If we did not have risk in the world, we would have no need for testing.

Definitions of risk
A concept that is central to the software development process will of course generate many different definitions.

Some are listed below

• Risk is the possibility of suffering loss, injury, disadvantage, or destruction.
  [Webster's Third New International Dictionary 1981]
• Risk is the potential for realization of unwanted negative consequences of an event.
  [Rowe, William D. An Anatomy of Risk 1988]
• Risk is the measure of the probability and severity of adverse effects.
  [Lowrance, William W. Of Acceptable Risk 1976]
• An ongoing or upcoming concern that has a significant probability of adversely afffcting the success of major milestones.
  [Rational Unified Process]

Risk Management Strategy
The Capability Maturity Model for Integration (CMMI) uses the following for a benchmark of a Risk Management Strategy.

Rational Unified Process (RUP)
The RUP is a "Software Development Approach" or "software engineering process" that puts mitigation at the centre. Using an iterative approach to developing software, the RUP seeks to mitigate the largest risks early on. Using Tom Gilbs phrase "if you do not actively attack the risks they will actively attack you".

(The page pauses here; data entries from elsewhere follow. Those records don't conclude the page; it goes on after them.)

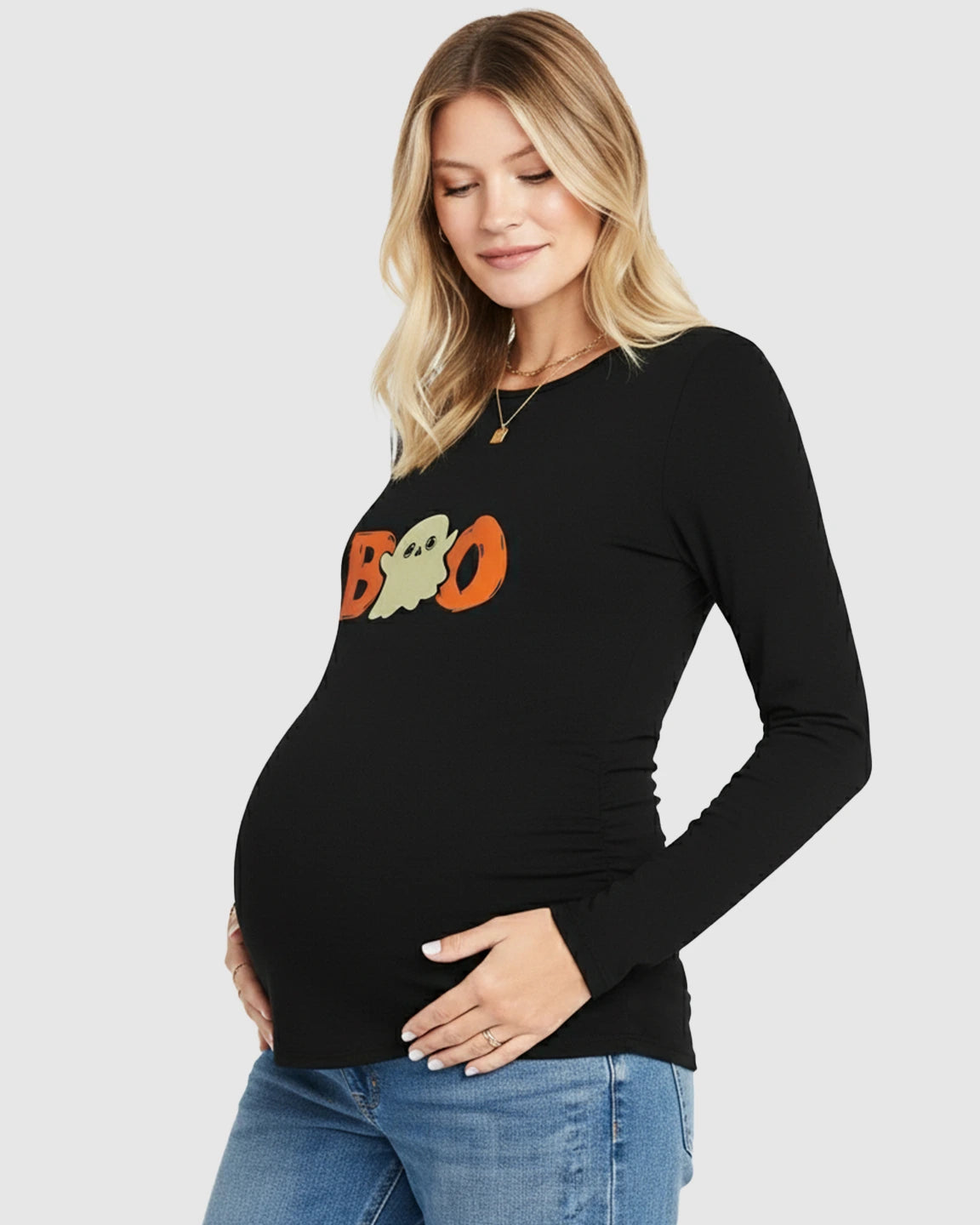 Side Ruched Fitted Long Sleeve Maternity Top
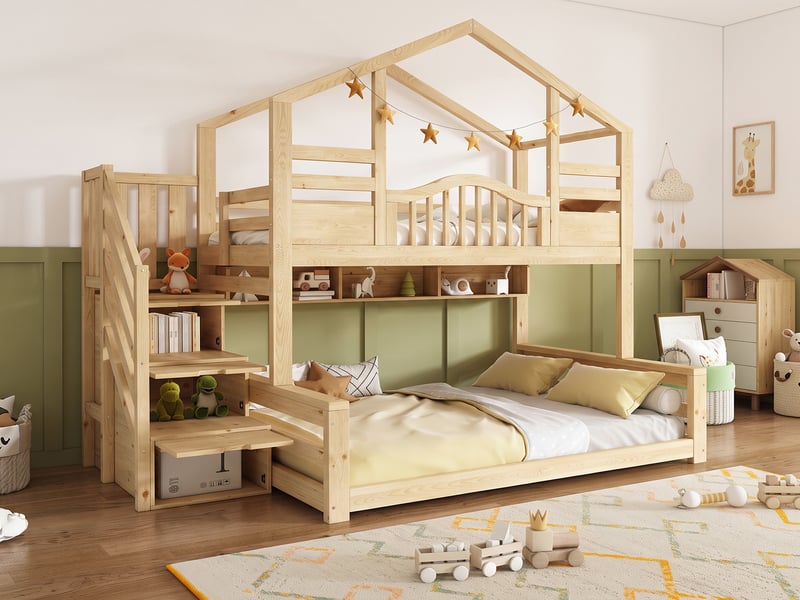  Lit superposé cabane 90 et 140x200 cm, escalier avec rangements et 3 étagères, structure en pin massif et mdf, beige  - Conforama B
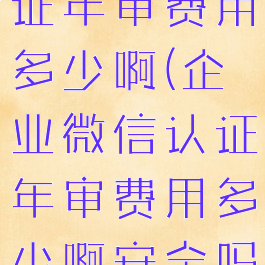 企业微信认证年审费用多少啊(企业微信认证年审费用多少啊安全吗)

A pointed comparison is made with the Waterfall approach to development. For the same project, the risk of failure is at the same high level for both RUP and Waterfall approaches. However as the project progresses the risk become significantly less for the RUP managed project. Whilst for the Waterfall approach, risk remains high for far longer. Typically until there is a big bang system and integration test.

Risk Diagram for RUP

The RUP tries to systematically reduce the risk of failure as the project progresses through each phase. These are Inception, Elaboration, Construction and Transition

Within each phase a number of iterations take place. Each phase is completed with the passing of a major milestone. The phases are defined by the state of the project, which in turn are defined by the risks to be mitigated.

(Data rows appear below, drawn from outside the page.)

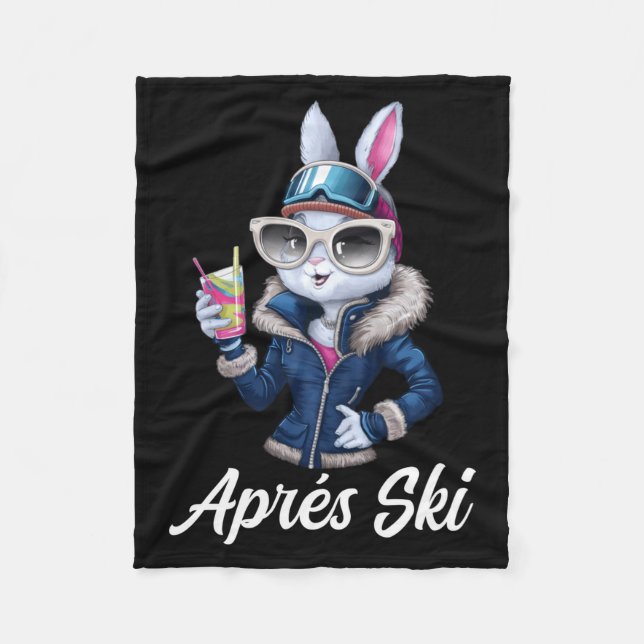 Apres Ski Hat Party Design Ski Bunny Skier Outfit  Fleece Blanket (Front)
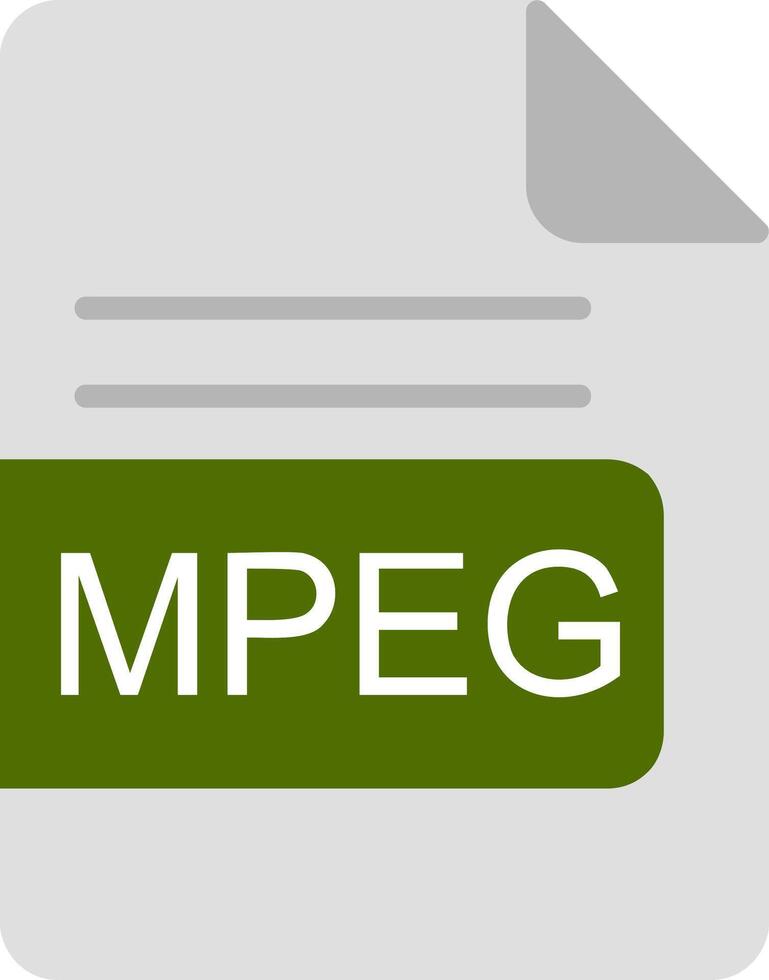 MPEG archivo formato plano icono vector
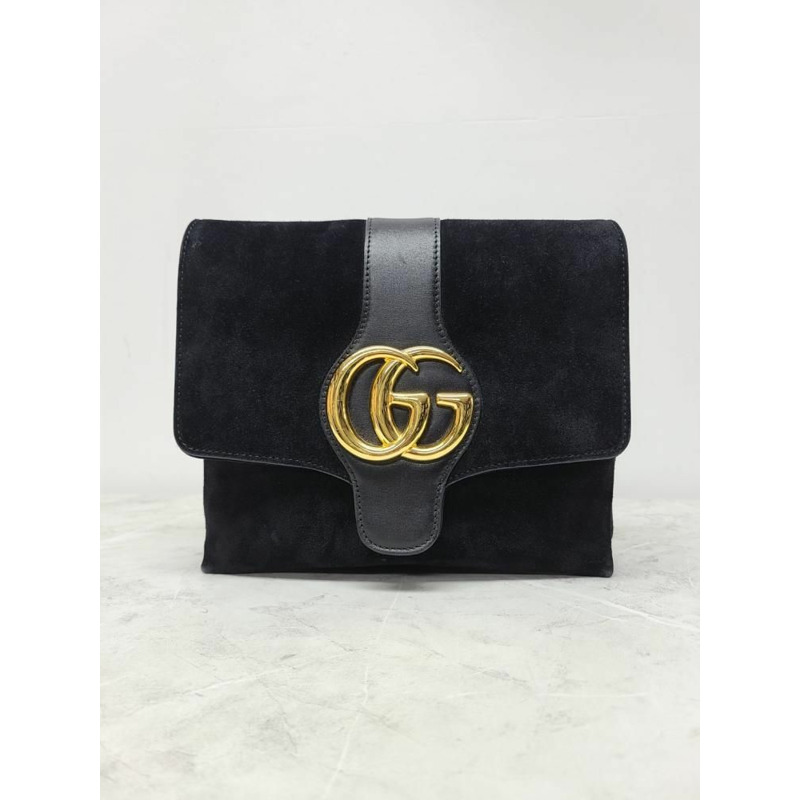 【包稅】GUCCI 黑色 GG 麂皮 Ali 單肩包-1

During Inception and Elaboration the solutions are very broad brush stroke, or "Coarse". As each the phases and iterations progress, the solutions become finer and the system more integrated. As the product is increasingly integrated, it can be shown to stakeholders for feedback.

The further into the project risk is further reduced by successfully freezing the requirements.

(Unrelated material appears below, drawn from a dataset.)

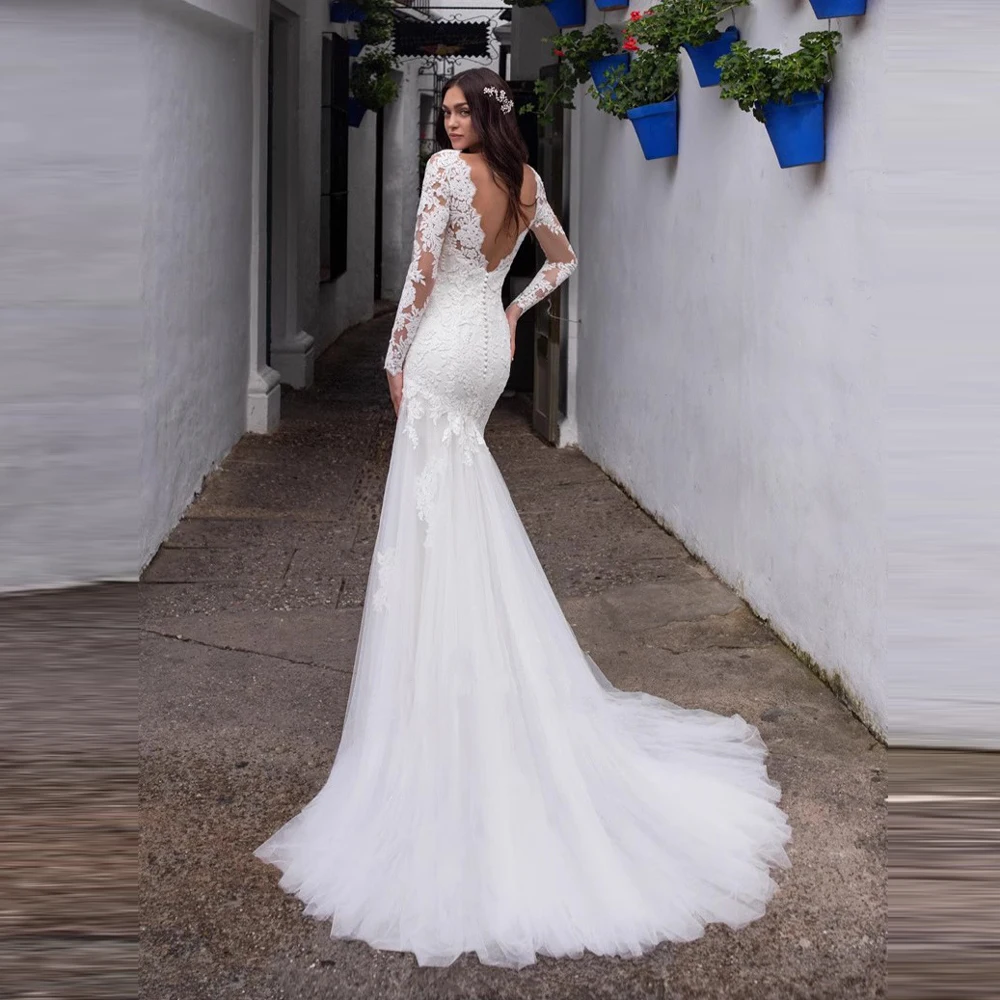 Vestidos De novia franceses con cuello en V, Vestido De sirena De manga larga, Vestido De novia elegante con apliques De encaje, Vestido De novia De talla grande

CMMI The CMMI is not a methodology but a framework for process improvement, against which organisations can be assesse. There are 5 maturity levels. Organisations at Capability Level 1 are performing processes that contribute to development, but the processes are "adhoc and chaotic". At level 5 the organisation is highly optimised. Defects hardly ever occur due to a culture of eradicating them before they can exist. Having a Risk Management Strategy is one of the requirements to attain level 3, or defined process.

The CMMI labels the process of managing risk as a Project Management activity. Risk management should address issues that could endanger achievement of critical objectives. The organisation must continously and effectively, anticipate and mitigate risk.

Overall the tone is early and aggressive risk identification, by all stakeholders in the project. Internal and external risks have to be considered.

Risk management under the CMMI consists of three sections:-

defining the risk management strategy
indentifying and analysing risks
handling of identified risks.

Initially organisations can choose to just identify the risks and slowly build up to the full strategy.

Currently the hottest topics in risk are the Sarbanes-Oxley Act and Basel II. Sarbanes-Oxley is the American legislation that places a duty on companies to disclose large amounts of financial information.

Basel II requires banks to keep regulatory capital that is suitable for their risk profile.